Input for this task below:

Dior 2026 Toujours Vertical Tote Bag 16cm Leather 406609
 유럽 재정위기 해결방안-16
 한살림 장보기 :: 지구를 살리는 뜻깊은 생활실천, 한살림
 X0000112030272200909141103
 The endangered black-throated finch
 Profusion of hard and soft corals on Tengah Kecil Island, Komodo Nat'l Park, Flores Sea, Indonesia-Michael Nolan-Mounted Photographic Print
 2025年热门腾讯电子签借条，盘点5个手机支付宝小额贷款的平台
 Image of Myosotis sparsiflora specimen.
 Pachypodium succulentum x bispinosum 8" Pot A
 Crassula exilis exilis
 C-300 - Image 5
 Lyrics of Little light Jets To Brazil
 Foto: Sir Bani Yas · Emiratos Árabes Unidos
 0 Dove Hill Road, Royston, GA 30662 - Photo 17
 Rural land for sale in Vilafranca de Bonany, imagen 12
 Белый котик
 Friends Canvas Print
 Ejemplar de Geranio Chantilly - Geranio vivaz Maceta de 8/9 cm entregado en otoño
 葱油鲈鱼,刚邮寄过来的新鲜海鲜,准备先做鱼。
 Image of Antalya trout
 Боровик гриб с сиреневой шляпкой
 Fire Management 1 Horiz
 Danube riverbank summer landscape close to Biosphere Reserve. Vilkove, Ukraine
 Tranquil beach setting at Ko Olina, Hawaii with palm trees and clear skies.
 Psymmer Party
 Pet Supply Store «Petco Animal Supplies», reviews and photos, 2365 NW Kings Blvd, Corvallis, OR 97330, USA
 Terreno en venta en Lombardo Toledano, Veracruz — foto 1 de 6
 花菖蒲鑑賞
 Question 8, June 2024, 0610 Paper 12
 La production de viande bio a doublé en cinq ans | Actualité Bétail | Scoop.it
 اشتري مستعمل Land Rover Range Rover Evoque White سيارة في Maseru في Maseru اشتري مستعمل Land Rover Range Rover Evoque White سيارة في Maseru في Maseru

End of Input for this task.

▸ What you should do
Which of the lines in the material above contain "Print"? Copy each one out.

▸ Exercise solution
 Profusion of hard and soft corals on Tengah Kecil Island, Komodo Nat'l Park, Flores Sea, Indonesia-Michael Nolan-Mounted Photographic Print
 Friends Canvas Print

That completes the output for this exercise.